Maar het beeld is niet eenduidig. Op jongere leeftijd trok Arnold meermaals persoonlijk te velde. Ook de reis naar het Heilige Land en Italië – toen hij 40 was – getuigt van enige persoonlijke ondernemingslust. Helaas weten we niet wat Arnold er geestelijk en intellectueel aan over heeft gehouden: wat kan het Italië van 1450 niet hebben opgeleverd! In 1435 was hij prominent in het gevolg van Philips de Goede toen deze te Atrecht met de Franse koning vrede sloot, een soort Europese top. Wereldvreemd kan Arnold niet geweest zijn, getuige ook het modale aantal bastaarden dat van hem bekend is. De door Adolf ter rechtvaardiging van zijn politieke vadermoord gesuggereerde homosexualiteit (in die tijd een doodzonde) blijft overigens onbewezen. Een mogelijke betrokkene heeft onder dwang bekend, en later weer herroepen. Er is geen zekerheid, of het moest zijn dat zo’n beschuldiging wel vaker voorkwam: misschien was het een stijlfiguur om iemand buiten de orde te plaatsen.
Vroom was Arnold zeker. Maar was dat bijzonder voor zijn tijd? Grote invloed – maar niet op hem alleen – had de mysticus en asceet Dionysius de Kartuizer. De reis naar het Heilige Land wijst in dezelfde richting, maar is ook niet uitzonderlijk. Evenzo de belangstelling voor relieken, zoals die blijkt bij de verwerving van het gebeente van Eusebius voor de kerk te Arnhem. De verlening van aalmoezen lijkt niet meer dan wat van een persoon in zijn positie werd verwacht. Grote geestelijke stichtingen zijn niet bekend. Opmerkelijk is een getuigenis dat de hertog gewoon was op Goede Vrijdag twaalf bedelaars de voeten te wassen.
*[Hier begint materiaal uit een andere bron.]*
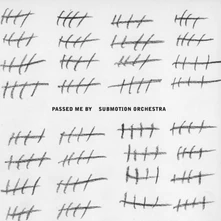 Submotion Orchestra, Vinyl PASSED ME BY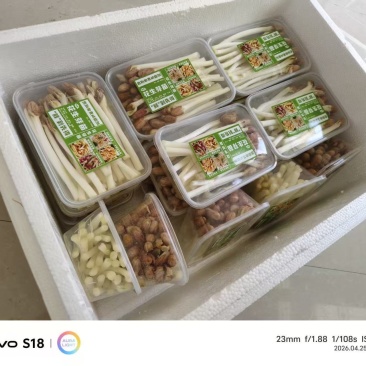 精品花生芽
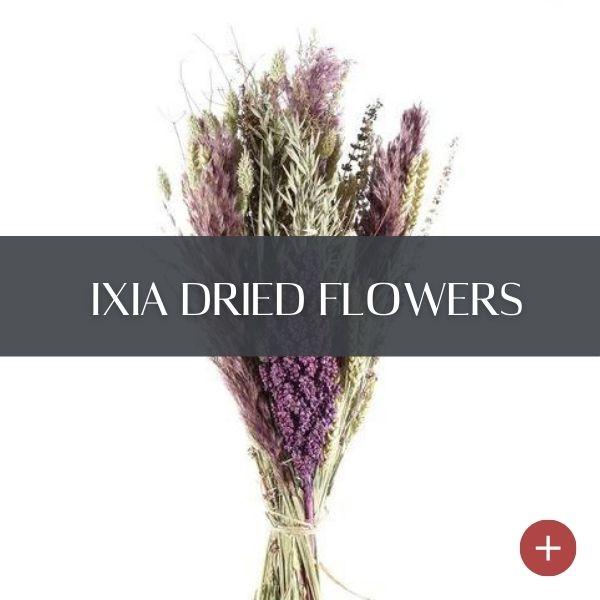 Ixia Dried Flower Bouquets - Lost Land Interiors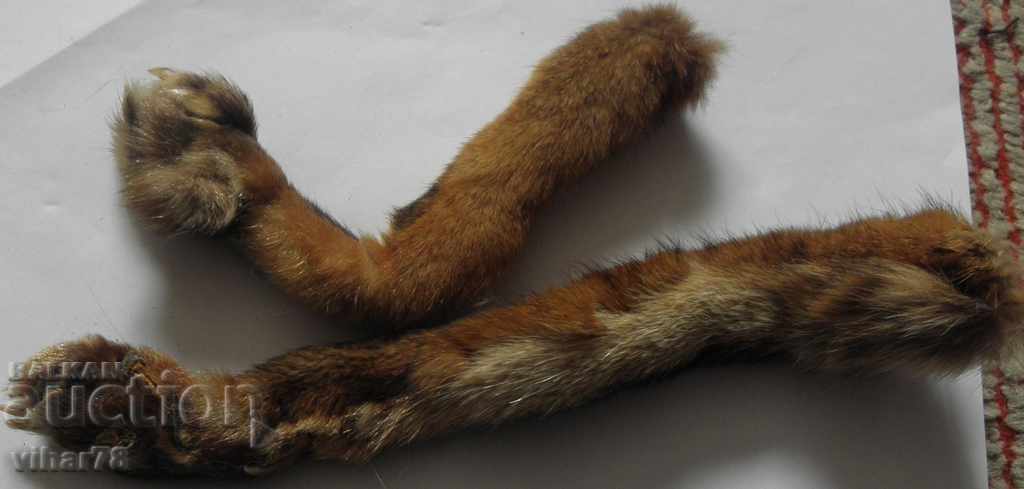 LEADERS AND SKIN SKIRTS - 5 LEADERS AND SKIN SKIRTS - 5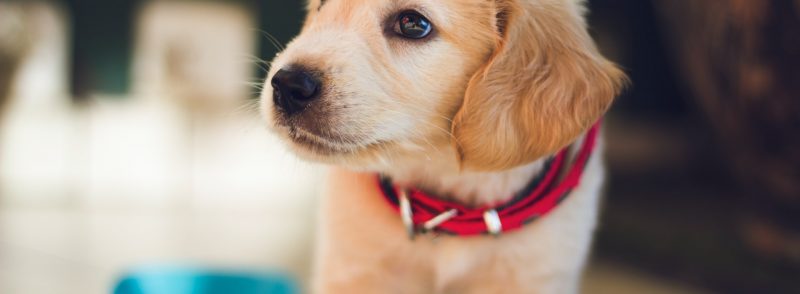 Perth Boarding Kennels – What to Look For?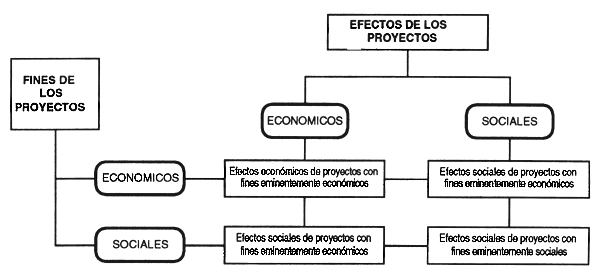 Figura 7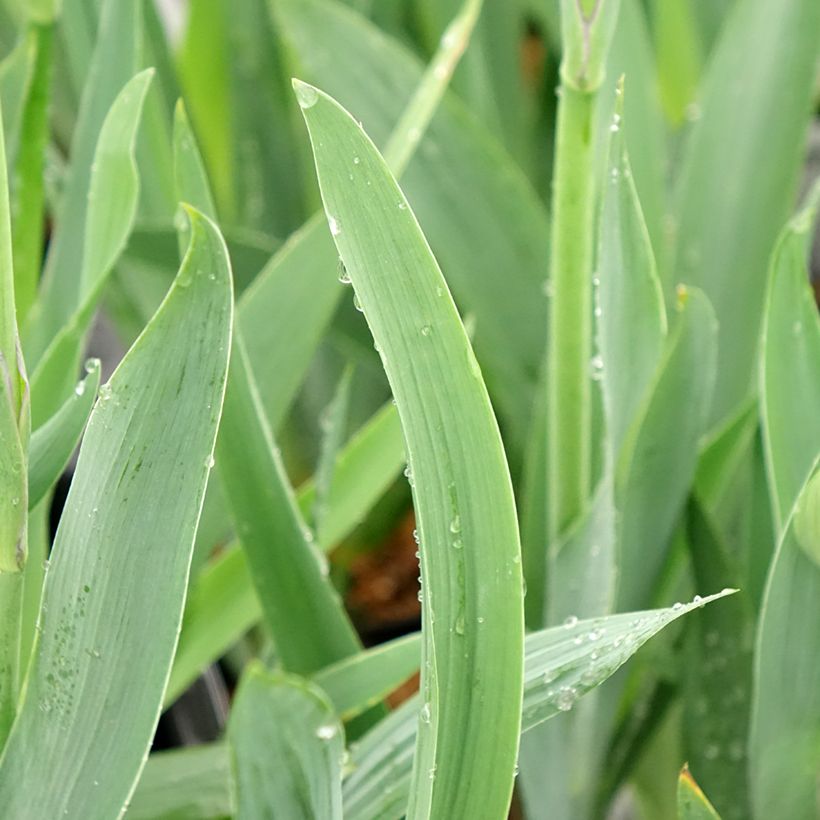 Iris germanica Black Knight - Iris des jardins (Foliage)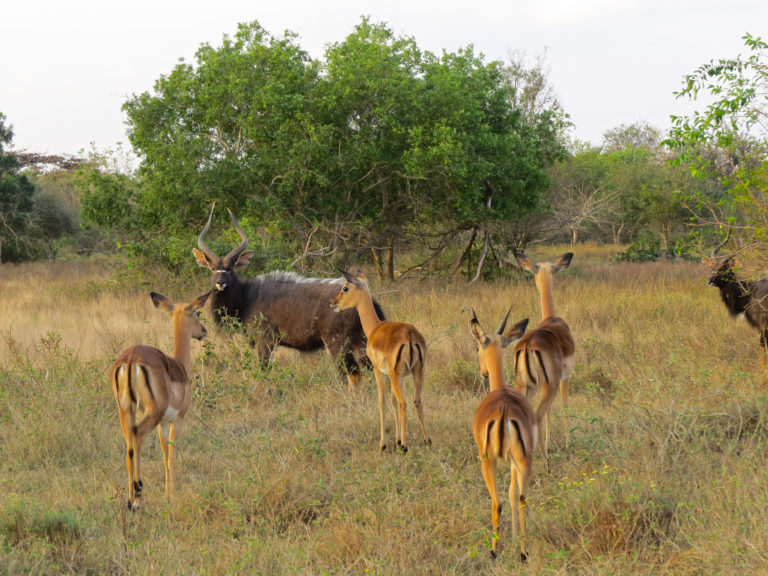 A New Beginning for Our Nyala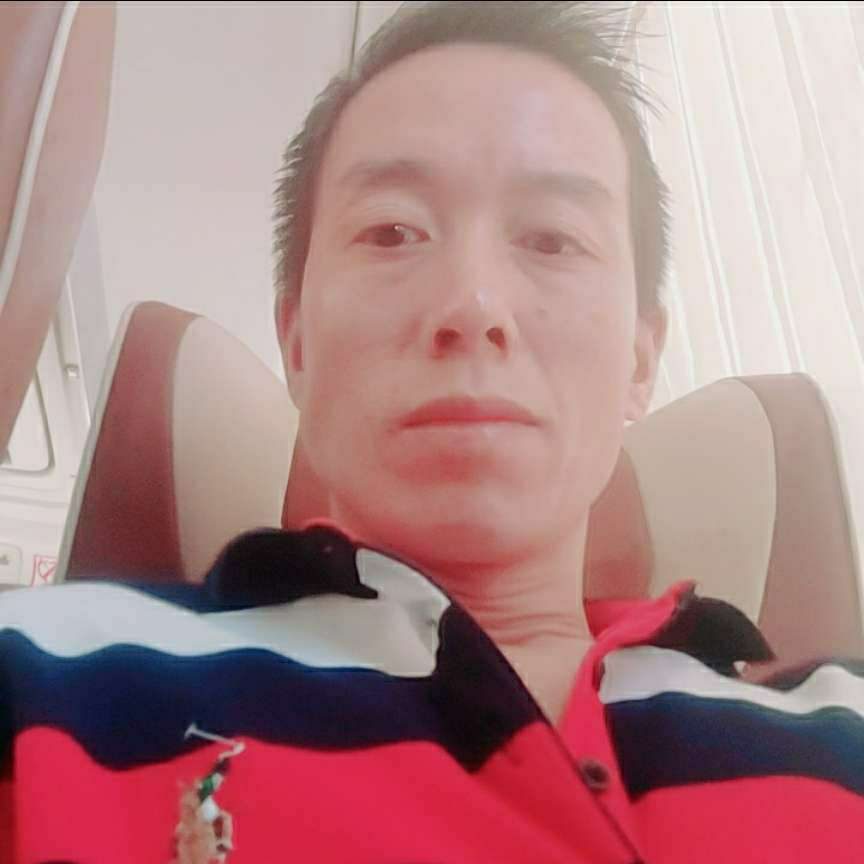 翅膀演变自觉的照片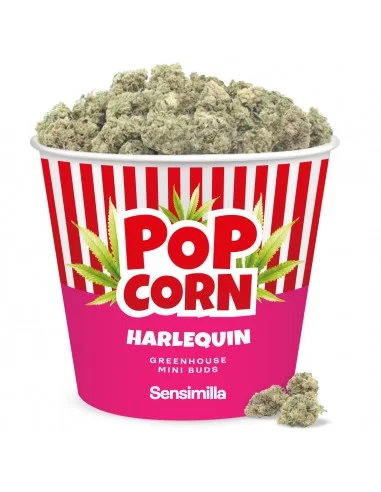 Harlequin Popcorn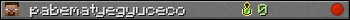 pabematyegyuceco userbar 350x20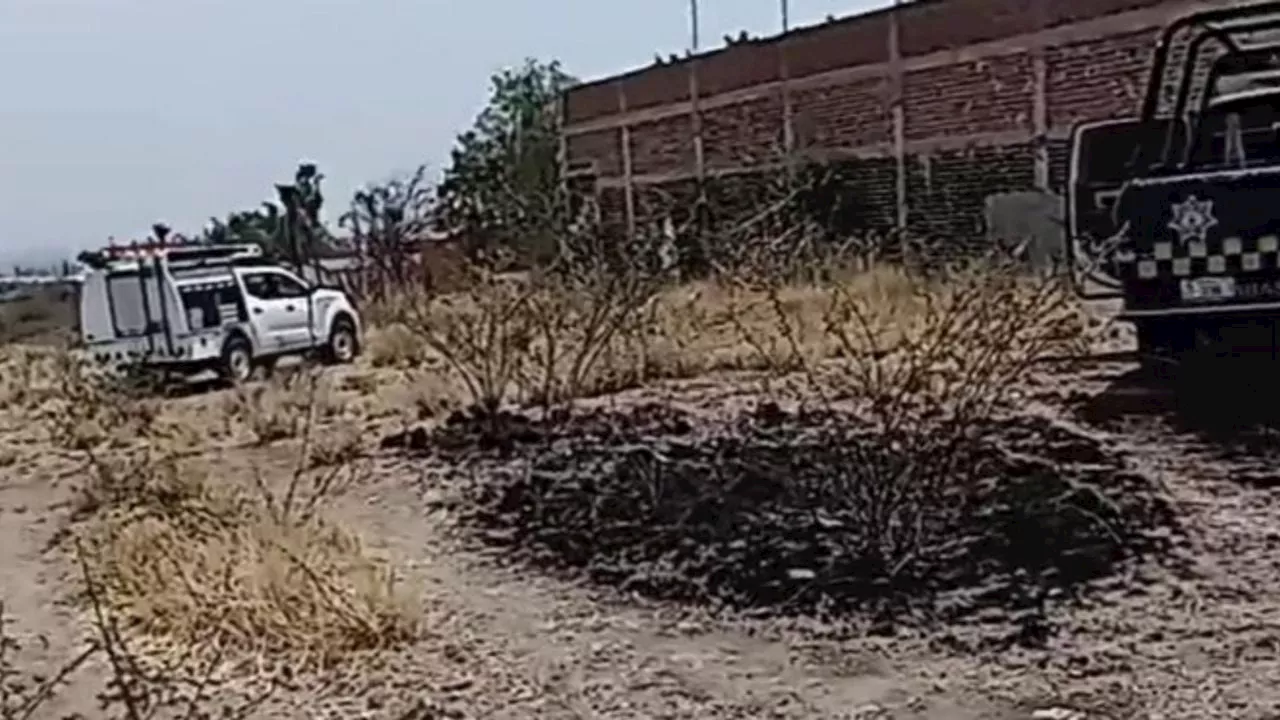 Madres buscadoras descubren restos humanos en fosa clandestina de Guanajuato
Dat past in het beeld van iemand die geneigd is tot persoonlijke vroomheid, maar ook kan hier sprake zijn van vorstelijke symboliek: wie zich zo verlaagt verhoogt zich.
Bij alle onzekerheid mag men zeggen: dynamisch, doelgericht, krachtdadig, onbuigzaam, sluw, zoals een vorst misschien wel zijn moet – dat was Arnold vast niet. Houden we het op brave man. Ieder kan dan het eigen oordeel vellen. Historische personen en hun levens dienen, als ze ergens toe dienen, de reflectie.